◆ Stored data ◆

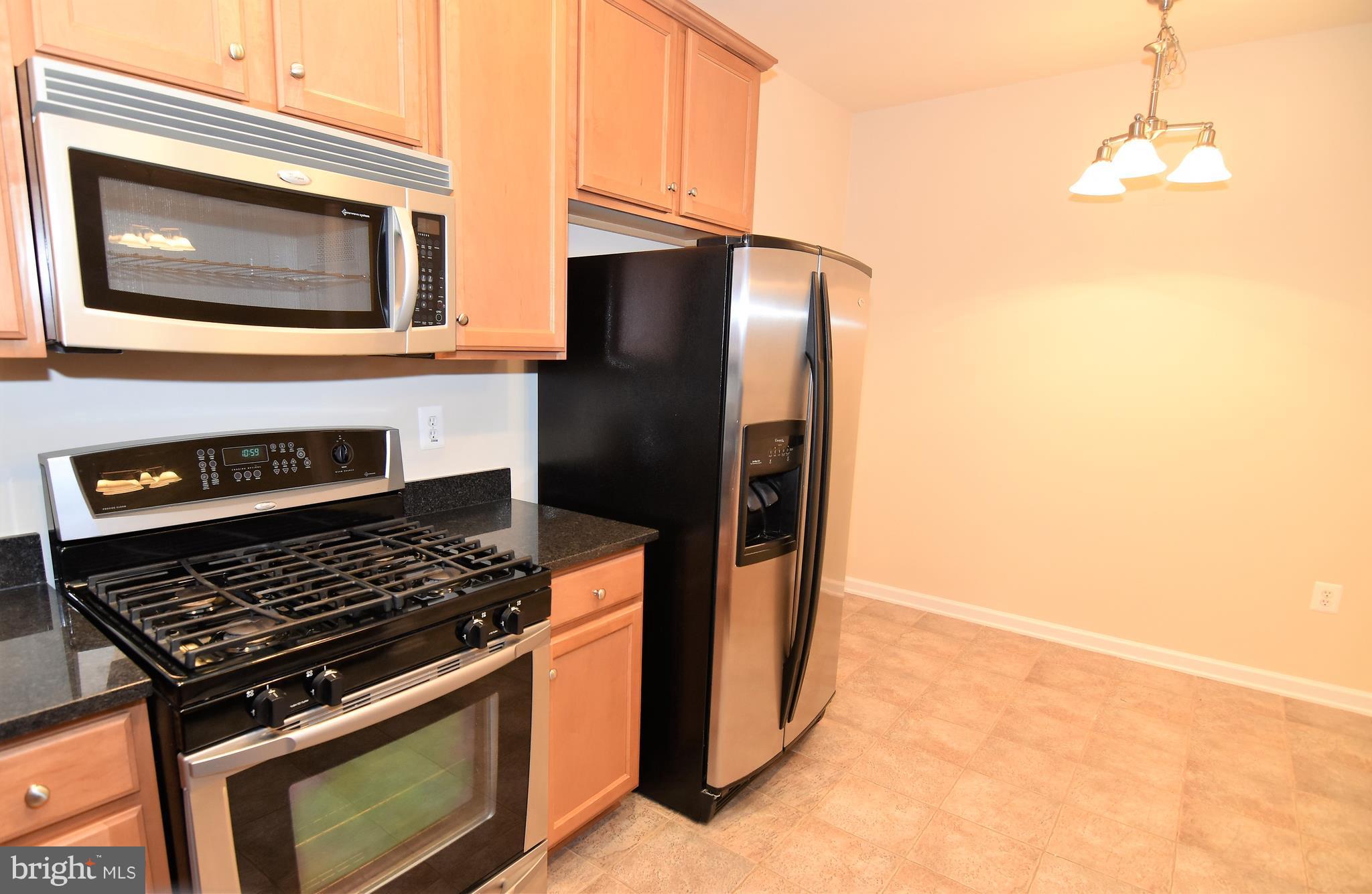 THE RESERVE CONDOMINIUMS - Residential Lease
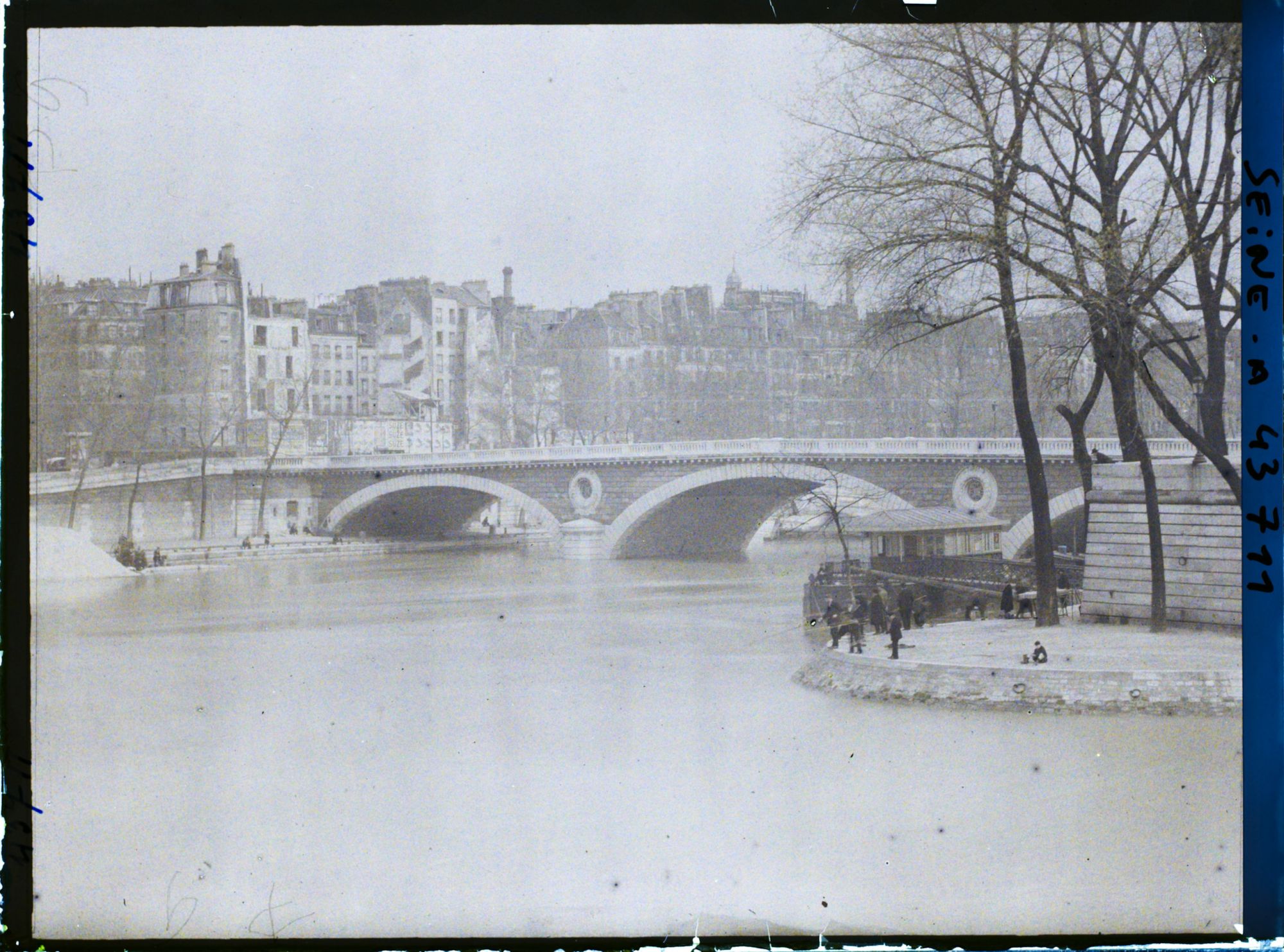 Image représentant Le pont Louis-Philippe et le quai de l'Hôtel-de-Ville, depuis le quai aux Fleurs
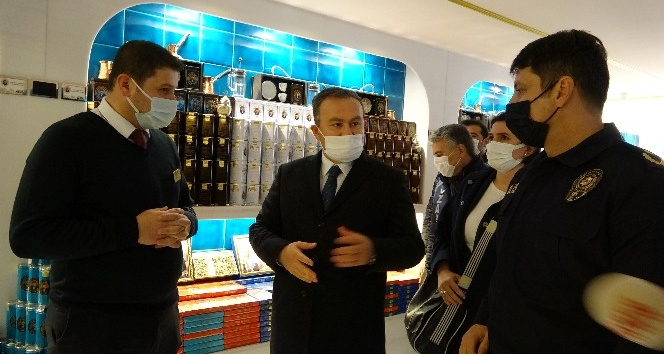 Beyoğlu Kaymakamı Mustafa Demirelli restoranları tek tek denetledi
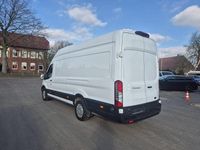 Gebraucht Ford Transit Trend 131 PS (96 kW) 2022 Weiß Limousine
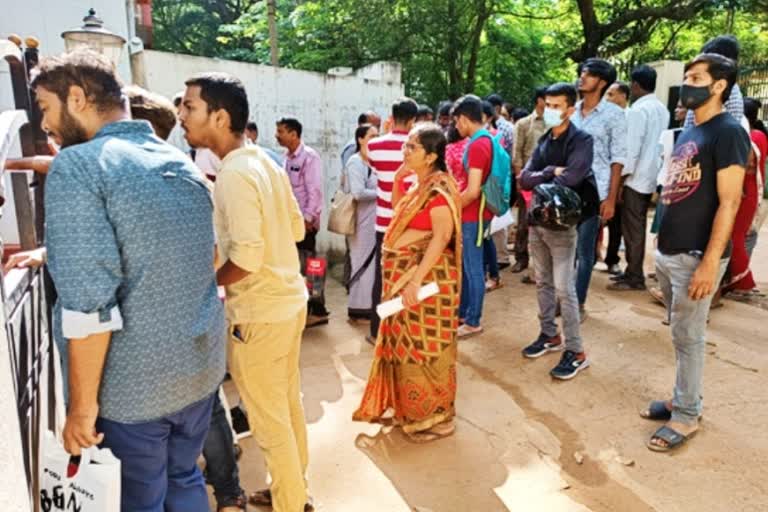 Protest by CET repeat students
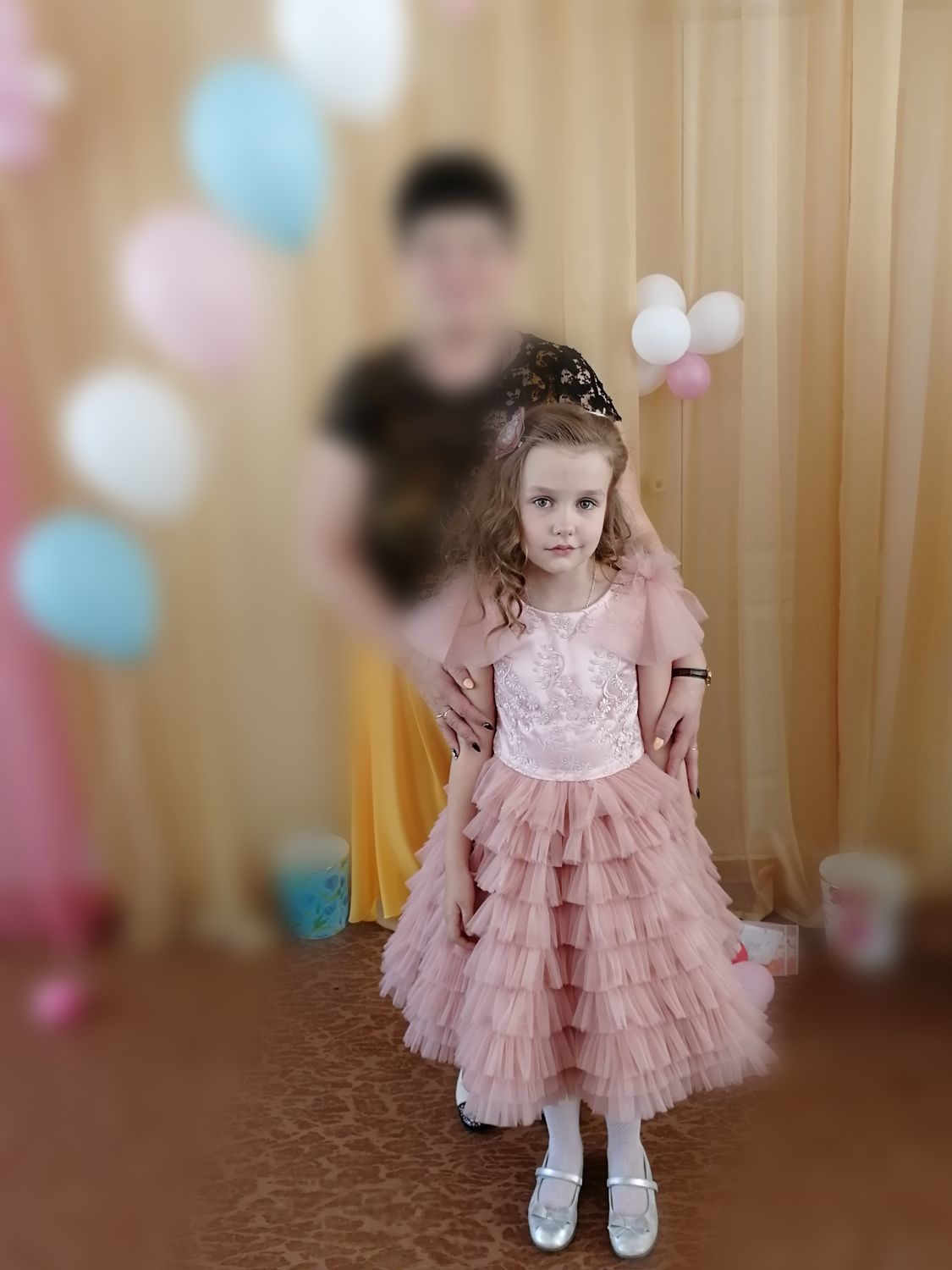 Фото №1 к отзыву покупателя Ольга Новичкова о товаре Нарядное платье для девочки, платье на выпускной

◆ Exercise goal ◆
Could you write out the records again exactly, omitting each image?

◆ Response to this exercise ◆
 THE RESERVE CONDOMINIUMS - Residential Lease
 Image représentant Le pont Louis-Philippe et le quai de l'Hôtel-de-Ville, depuis le quai aux Fleurs
 Beyoğlu Kaymakamı Mustafa Demirelli restoranları tek tek denetledi
 Gebraucht Ford Transit Trend 131 PS (96 kW) 2022 Weiß Limousine
 Protest by CET repeat students
 Фото №1 к отзыву покупателя Ольга Новичкова о товаре Нарядное платье для девочки, платье на выпускной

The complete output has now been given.